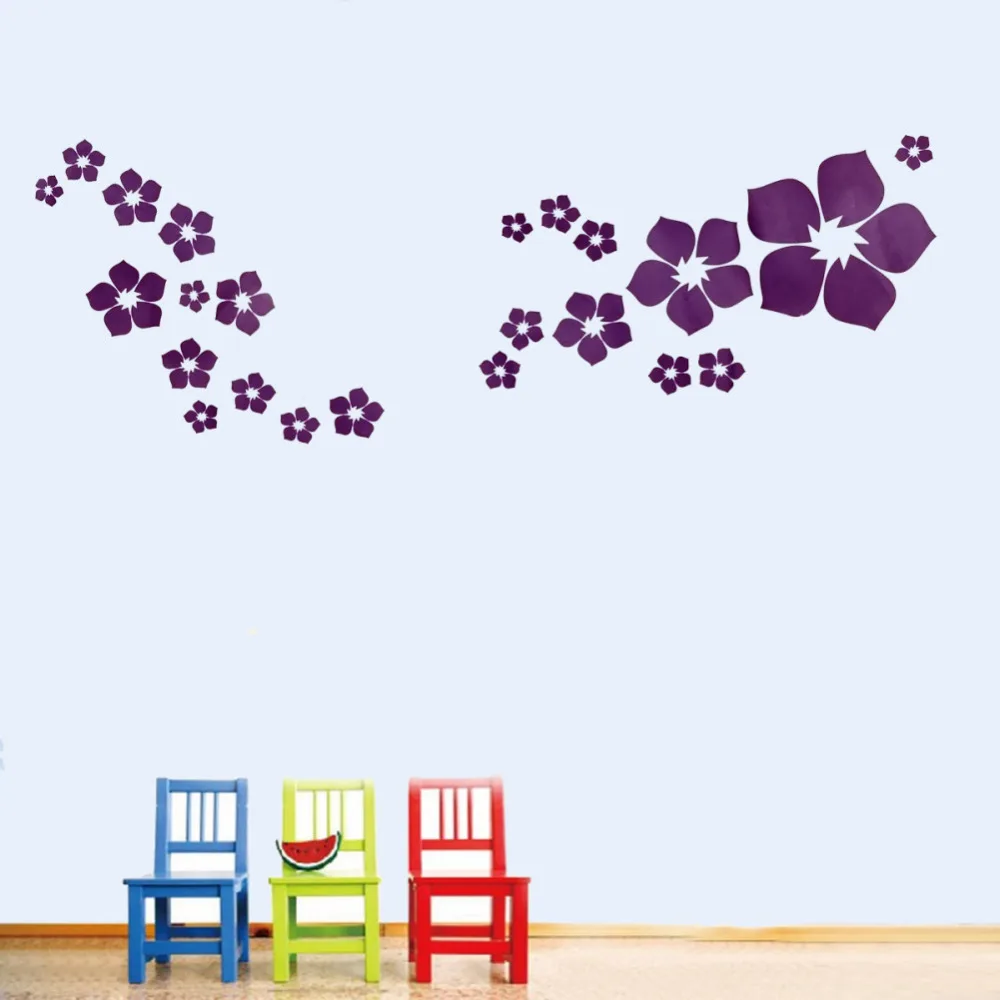 Темно фиолетовый цветочный узор переводная наклейка из ПВХ настенный стикер для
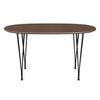 Fritz Hansen Superellipse Dining Table Black/Walnut Veneer, 135x90 Cm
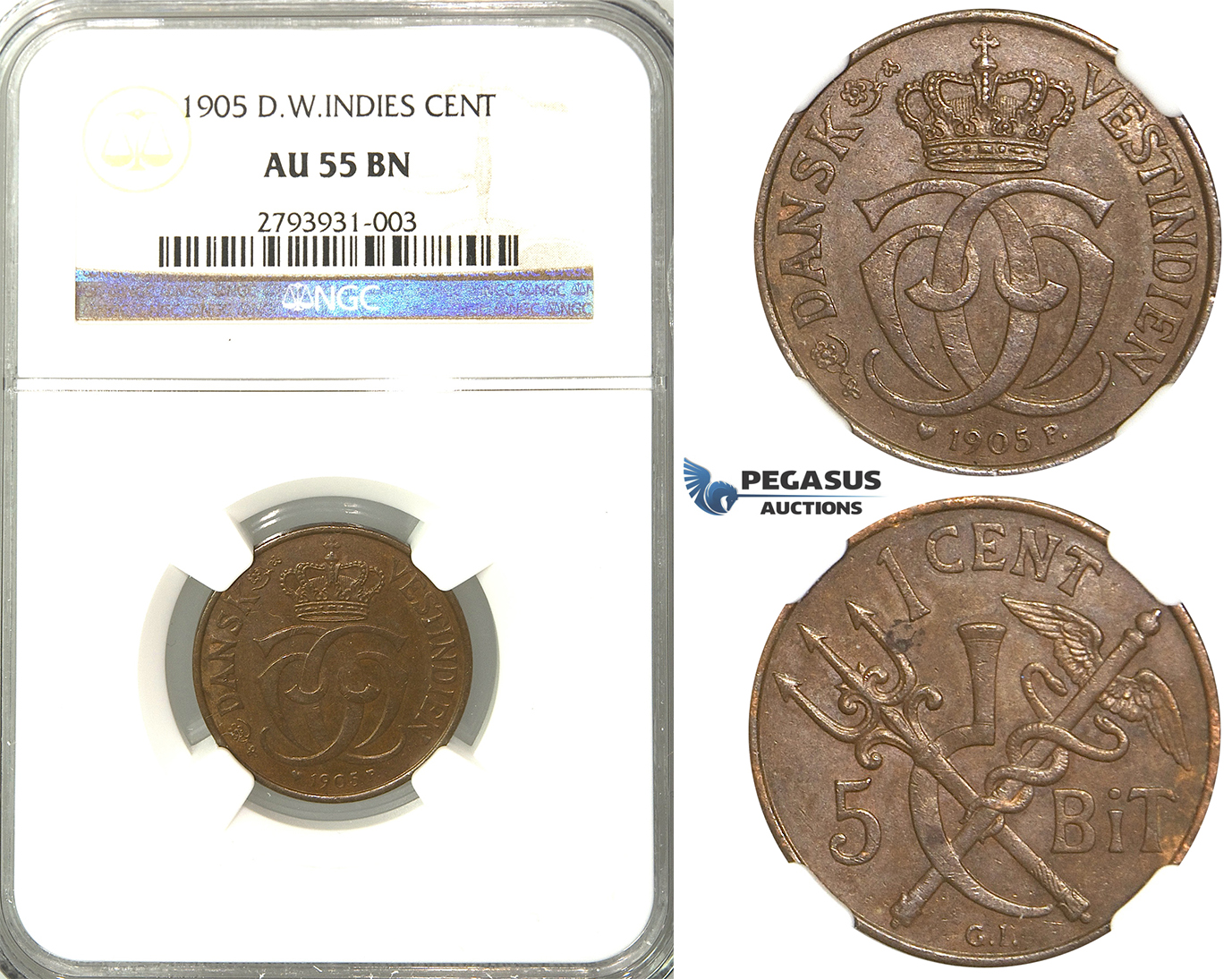 R374, Danish West Indies, Christian IX, 1 Cent (5 Bit) 1905, Copenhagen, NGC AU55BN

WHAT TO DO - Output the complete listing exactly as it appears, except for the images.

RESPONSE FOR THIS EXERCISE -
 Темно фиолетовый цветочный узор переводная наклейка из ПВХ настенный стикер для
 Fritz Hansen Superellipse Dining Table Black/Walnut Veneer, 135x90 Cm
 R374, Danish West Indies, Christian IX, 1 Cent (5 Bit) 1905, Copenhagen, NGC AU55BN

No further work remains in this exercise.